COMPETITION • FRENCH LAW • Restrictive practices

Directive No 2019/633 of 17 April 2019 on unfair trading practices in business-to-business relationships in the agricultural and food supply chain aims to tackle the significant imbalances in bargaining power between suppliers and buyers of agricultural and food products. Within this framework, the directive, which should be transposed on 1 May 2021, introduces a list of practices which prohibited per se or authorized subject to conditions, rather than a general definition of unfair trading practices. The need for harmonization will only concern practices imposed by buyers on suppliers in the agriculture and food supply chain. The directive is of minimum harmonization: Member States may introduce or maintain rules ensuring a higher level of protection for suppliers (Art. 9). It defines several turnover ranges that may reflect a disproportionate bargaining power between buyers and suppliers. The ceiling of protection for the latter is set at EUR 350 million in turnover (Art. 1(2)). To benefit from protection, it is sufficient that at least one of the two parties is established in the Union. The directive establishes a “black” and a “gray” list of unfair commercial practices. The former are automatically prohibited, the latter only if they are not previously stipulated in clear and unambiguous terms in the supply agreement or in any subsequent agreement between the supplier and the purchaser.
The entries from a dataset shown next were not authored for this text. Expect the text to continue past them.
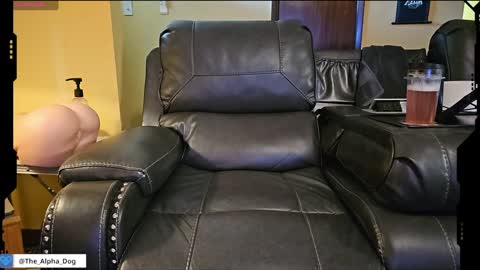 Snapshot of the_alpha_dog_xxx chatting on 1, 2, 2025 the_alpha_dog_xxx online show from 1, 2, 2025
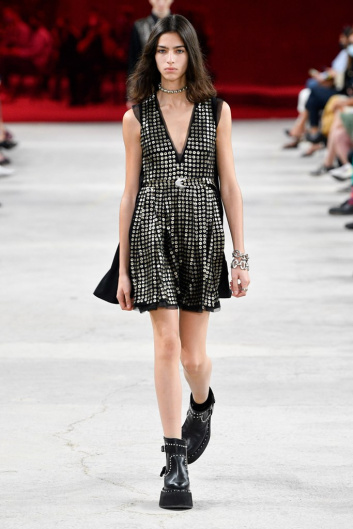 Fotoservizio/SS 2022/WOMEN/SFILATA/PORTS 1961/DP2/8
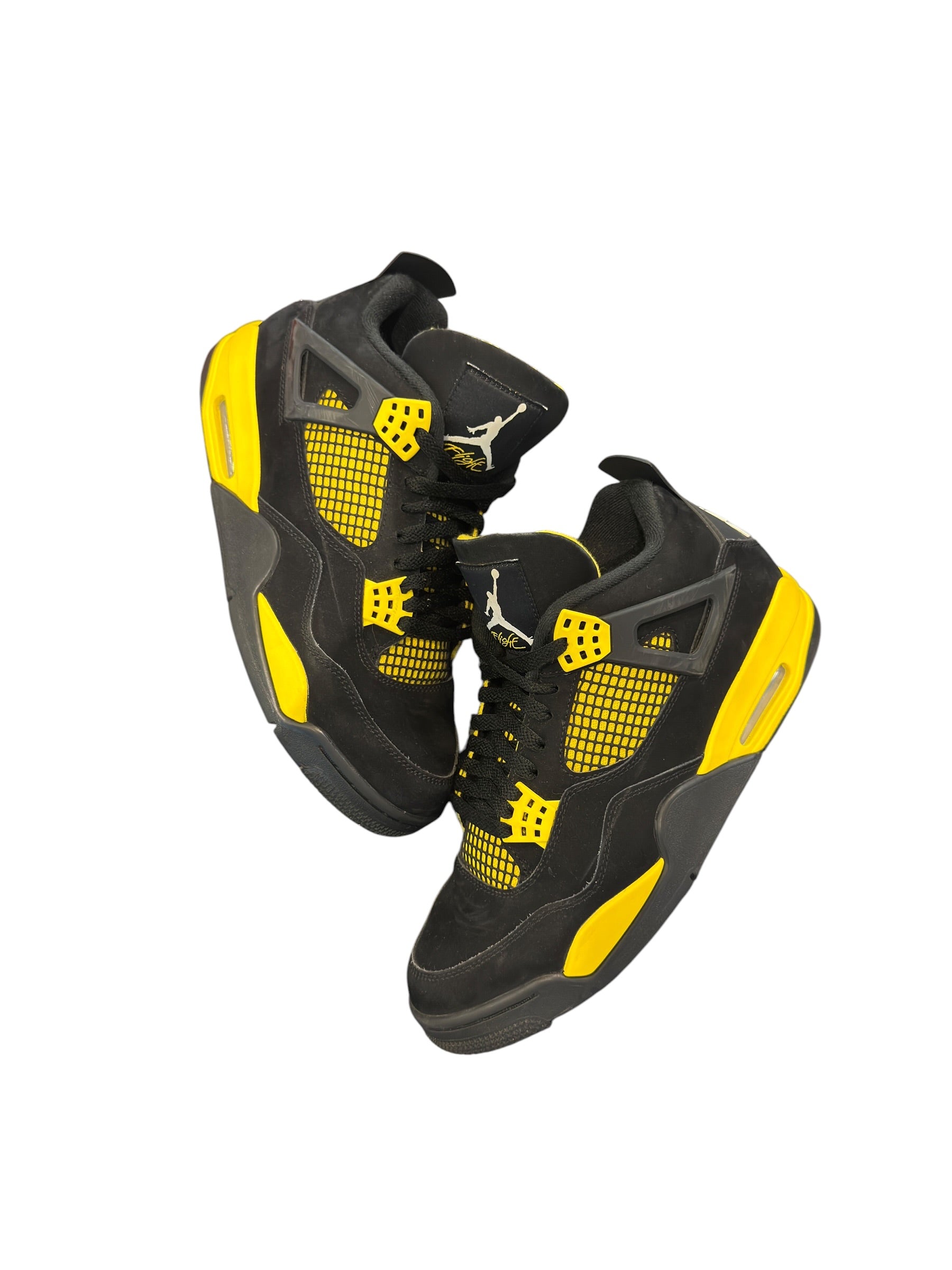 Jordan 4 Retro Thunder (2023)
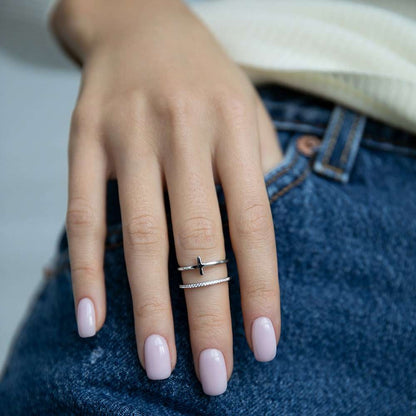 Double Ring Cross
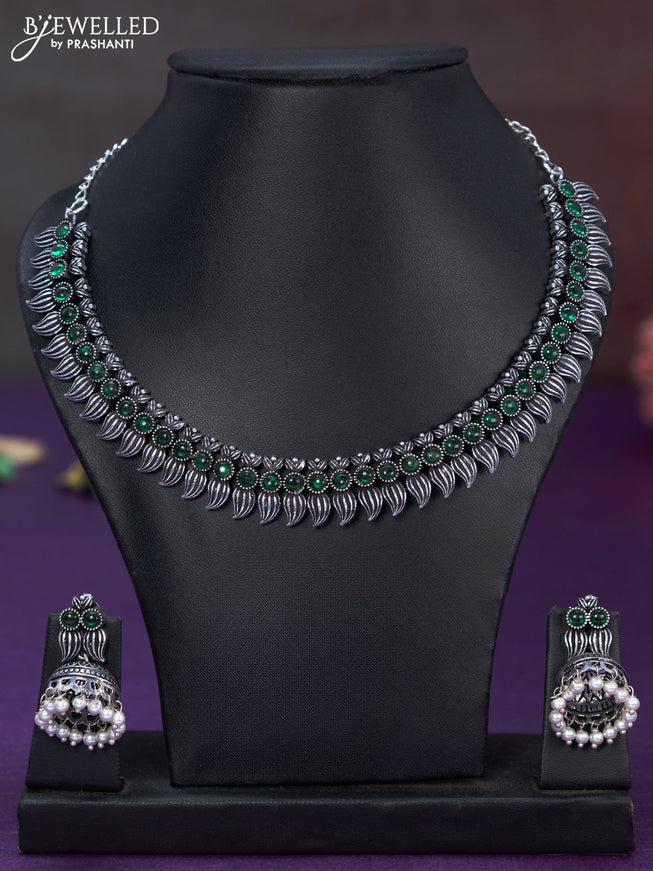 Oxidised necklace with emerald stones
Prohibited practices include:

– the prohibition of payment deadlines exceeding 30 days for perishable agricultural or food products or 60 days for non-perishable products;

– the prohibition of the cancellation of orders for agricultural and food products that are perishable at short notice; unilateral modification of contractual conditions; transfer of the risk of loss or deterioration to the supplier; threat of commercial retaliation against a supplier who exercises his contractual or legal rights;

– the imposition of payments that are not related to the sale of the supplier’s products.

Prohibited practices, if they are not previously agreed in clear and unambiguous terms in the agreement between the purchaser and the supplier, are requests by the supplier for payment for (i) the stocking, displaying, listing or making available of its products; (ii) advertising by the purchaser for the supplier’s products; (iii) the marketing of its products; (iv) staffing costs allocated to the fitting out of premises used for the sale of the supplier’s products. Indeed, most of these functions are not distinguishable from buying and selling and should not be billed by the buyer. The EU directive also aims at ensuring the return of unsold goods to the supplier without paying for those product, a practice likely to fall under the prohibition of the subjection of a trading partner to a significant imbalance.